O afã e o trabalho de cada dia, os desejos e receios cotidianos, as desgraças de cada hora, os acasos da sorte sempre disposta a nos enganar são outras tantas cenas da comédia.

As aspirações iludidas, as ilusões desfeitas, os esforços baldados, os êrros que completam nossa vida, as dores que se acumulam até terminar na morte, o último ato, eis a tragédia.

Parece que o destino quis juntar o escárnio ao desespero, e, fazendo de nossa vida uma tragédia, não nos permite conservar a dignidade de uma personagem trágica.

Por isso é que em todos os atos da vida representamos o lamentável papel de cômicos.

DA DÔR AO ABORRECIMENTO

A dor e o aborrecimento são os dois últimos elementos entre os quais oscila a vida do homem.

Os homens exprimiram esta oscilação de modo curiosa; depois de haverem feito do inferno o lugar de todos os tormentos e dôres, que deixaram para o céu? justamente o aborrecimento.

RIO ABAIXO

A vida é um mar cheio de escolhos e turbilhões que o homem evita à fôrça de prudência e cuidados, sem embora desconhecer q ue, à medida que avança sem poder retardar a marcha, corre para o definitivo e inevitável naufrágio, a morte, fim fatal de sua acidentada navegação, é parte ele muito mais perigoso que todos os turbilhões e escolhos de que conseguiu escapar.

DISFARCES DA DÔR

Nossos esfôrços para banir a dor de nossa vida não conseguem outro resultado senão o de fazê-la mudar de forma. Em sua origem tomam o aspecto da necessidade, cuidado, para atender as coisas materiais da vida, e quando, após um trabalho incessante e penoso, conseguimos afastar a horrível máscara da dôr neste determinado aspecto, adquire outros mil disfarces, segundo a idade e as circunstâncias: o instinto sexual, o amor apaixonado, a inveja, o rancor, os ciúmes, a ambição, a avareza, o temor, a enfermidade, etc.

Toma o aspecto triste e desolado do tédio, da sociedade, quando não encontra outro modo de se apresentar.
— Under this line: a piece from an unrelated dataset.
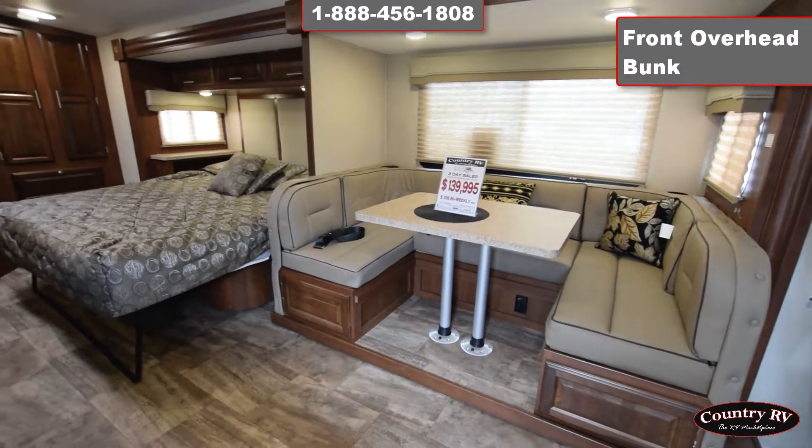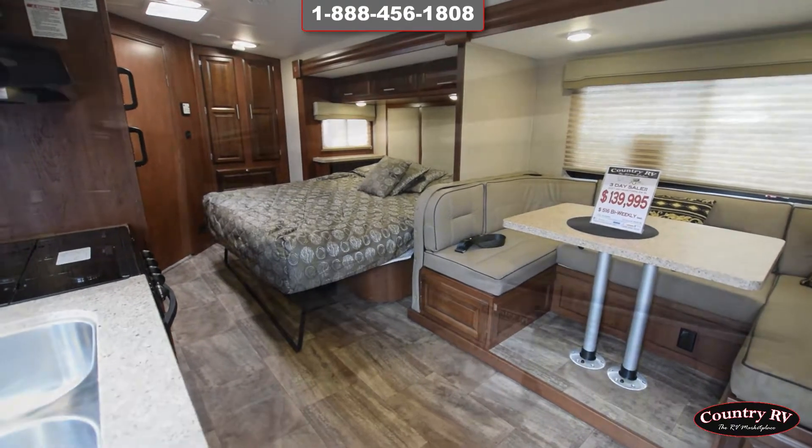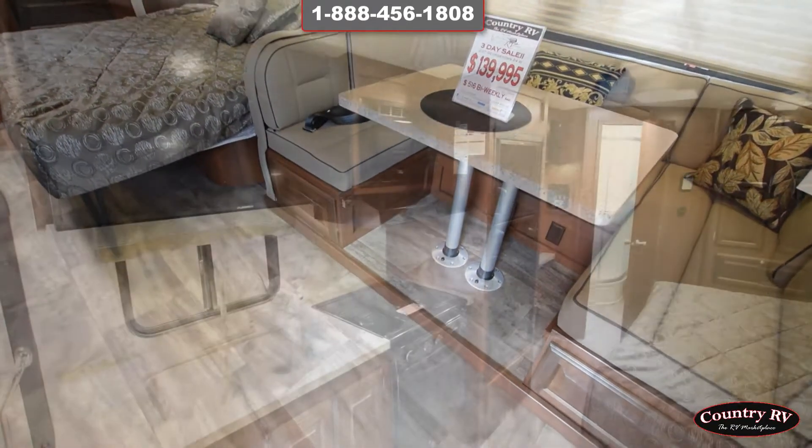The Georgetown series is a nice way to introduce yourself to the RVing lifestyle. Engineered for the road and designed for the driver, our models offer you plenty of storage and all the amenities at a great price.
E se com novas armas conseguimos afastá-la novamente, recuperará sua antiga máscara, e a dança recomeça.

CONDENADOS À MORTE

Na primeira mocidade, colocamo-nos perante o destino, como as crianças, que, em frente ao pano de um teatro, impaientes e alegres, esperam as maravilhas que virão surgir em cena. É uma felicidade não podermos saber nada de antemão.
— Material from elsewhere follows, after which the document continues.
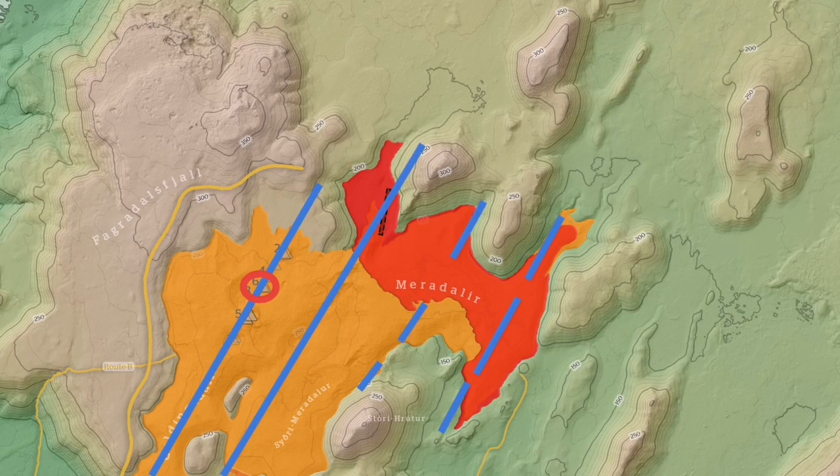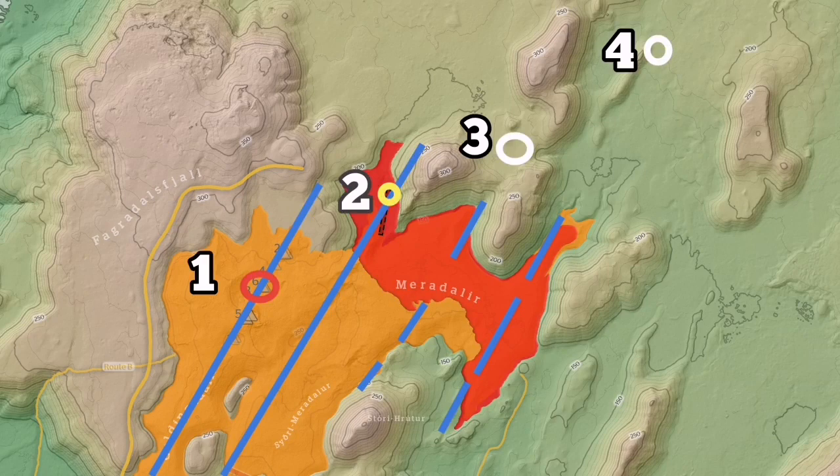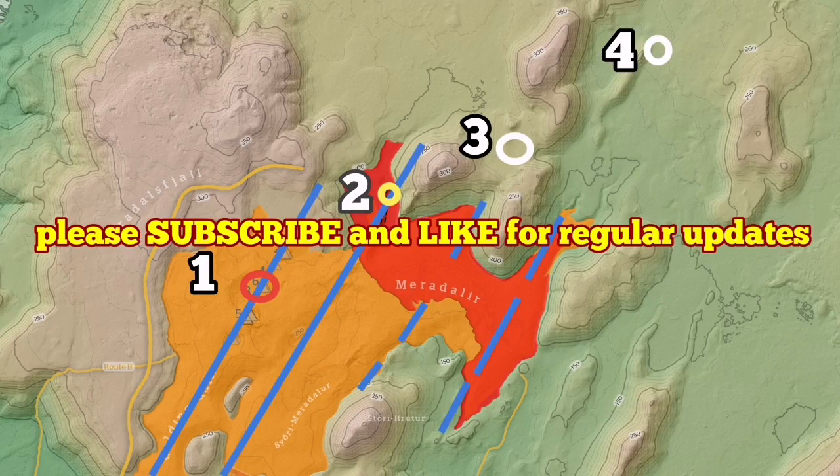The Fagradalsfjall eruption was here, then we had the Meridale. The next one will be on top of that, marked by the white circle. And the other white circle to the top right — one, two, three, four — are my estimates, or my guesstimate I should say, of where the next eruptions will be, based on the movements of the plates and the extension that we have in the valley by the action of the mid-Atlantic ridge.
Para quem sabe o que realmente vai se passar, as crianças são inocentes condenados não à morte, mas à vida, e que desconhecem ainda a sua sentença.

TODOS DESTERRADOS

Se não fosse a dôr, poderíamos dizer que a nossa existência no mundo não teria nenhuma razão de ser. É um absurdo pensar que a dôr, que nasce da vida e enche o mundo, seja apenas um acidente, e não o próprio fim. Cada desgraça pessoal apresenta-se com uma exceção, mas, como somos todos desgraçados, a desgraça geral é a regra.

VIVEMOS COMBATENDO

Na desgraça, pensar em outros que são mais desgraçados, é o nosso maior consôlo: é êste o remédio eficaz ao alcance de todos. Porém, como os carneiros, que saltam no prado, enquanto o carniceiro faz a sua escolha no meio do rebanho, assim, em nossas horas felizes, não sabemos que desastre nos prepara o destino, justamente nesse momento: enfermidade, ruína, loucura, perseguições, etc.

Tudo que defendemos, resiste-nos, tudo tem uma vontade hostil que é preciso vencer. A história nos diz que a vida dos povos é uma sucessão de guerras e revoltas; os anos de paz não passam de curtos entreatos. O mesmo acontece com a vida do homem, em constante luta contra as penas ou o aborrecimento, males abstratos, e contra seus semelhantes. Em tôdas, as partes e ocasiões temos que travar combate com um adversário.

A vida é uma guerra sem quartel, e a morte nos encontra com as armas na mão.

O TEMPO, MAIS UM TORMENTO

A rapidez do tempo, que se conserva atrás de nós como um vigia dos forçados, é mais um tormento da existência, que nos faz viver apressadamente sem sossego e sem deixar-nos respirar.

São poupados semente aquêles que o tempo condenou ao aborrecimento.

NECESSIDADE DA DÔR

Todos nós necessitamos sofrer certo número de preocupações, de penas e misérias, da mesma maneira que um barco tem necessidade de lastro para conservar seu equilíbrio.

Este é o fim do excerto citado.